(Records supplied)

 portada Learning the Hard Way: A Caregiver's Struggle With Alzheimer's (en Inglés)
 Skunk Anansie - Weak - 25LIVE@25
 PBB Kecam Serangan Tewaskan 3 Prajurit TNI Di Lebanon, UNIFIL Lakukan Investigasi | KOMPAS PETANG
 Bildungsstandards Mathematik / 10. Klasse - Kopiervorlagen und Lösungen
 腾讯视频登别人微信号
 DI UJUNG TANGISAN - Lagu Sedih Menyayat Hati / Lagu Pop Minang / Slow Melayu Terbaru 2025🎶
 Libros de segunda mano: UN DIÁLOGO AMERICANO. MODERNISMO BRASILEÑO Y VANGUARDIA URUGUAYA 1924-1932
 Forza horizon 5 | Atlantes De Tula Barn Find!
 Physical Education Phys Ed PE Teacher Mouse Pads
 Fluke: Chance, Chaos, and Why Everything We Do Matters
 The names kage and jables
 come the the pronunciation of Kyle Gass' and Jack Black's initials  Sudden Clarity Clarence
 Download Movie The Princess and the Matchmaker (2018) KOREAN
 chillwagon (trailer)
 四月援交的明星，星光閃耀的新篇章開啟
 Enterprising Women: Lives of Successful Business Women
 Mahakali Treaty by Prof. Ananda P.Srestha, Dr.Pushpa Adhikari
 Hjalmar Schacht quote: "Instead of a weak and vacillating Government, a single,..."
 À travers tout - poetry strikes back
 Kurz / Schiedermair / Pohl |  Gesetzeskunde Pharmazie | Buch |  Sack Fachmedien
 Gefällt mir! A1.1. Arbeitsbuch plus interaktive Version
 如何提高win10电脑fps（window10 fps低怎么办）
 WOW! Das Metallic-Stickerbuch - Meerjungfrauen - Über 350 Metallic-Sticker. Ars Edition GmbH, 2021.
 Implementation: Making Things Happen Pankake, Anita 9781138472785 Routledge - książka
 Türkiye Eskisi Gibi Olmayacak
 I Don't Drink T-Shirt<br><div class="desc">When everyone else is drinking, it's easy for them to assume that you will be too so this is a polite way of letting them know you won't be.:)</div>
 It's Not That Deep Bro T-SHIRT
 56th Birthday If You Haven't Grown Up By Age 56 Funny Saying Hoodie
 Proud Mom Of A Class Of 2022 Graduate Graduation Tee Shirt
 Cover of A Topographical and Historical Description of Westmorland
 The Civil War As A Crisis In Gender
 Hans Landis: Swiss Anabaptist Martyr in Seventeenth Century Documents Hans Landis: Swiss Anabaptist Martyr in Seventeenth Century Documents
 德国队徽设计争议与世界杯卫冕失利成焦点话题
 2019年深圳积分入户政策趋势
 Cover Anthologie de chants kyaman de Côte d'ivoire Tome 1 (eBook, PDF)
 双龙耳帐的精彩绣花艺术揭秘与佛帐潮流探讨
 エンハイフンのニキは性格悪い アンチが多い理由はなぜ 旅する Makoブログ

(End Records supplied)

*Exercise objective:* Tally the lines of the records above that contain the word "Cover". Give only the total.

*Answer for this exercise:* 2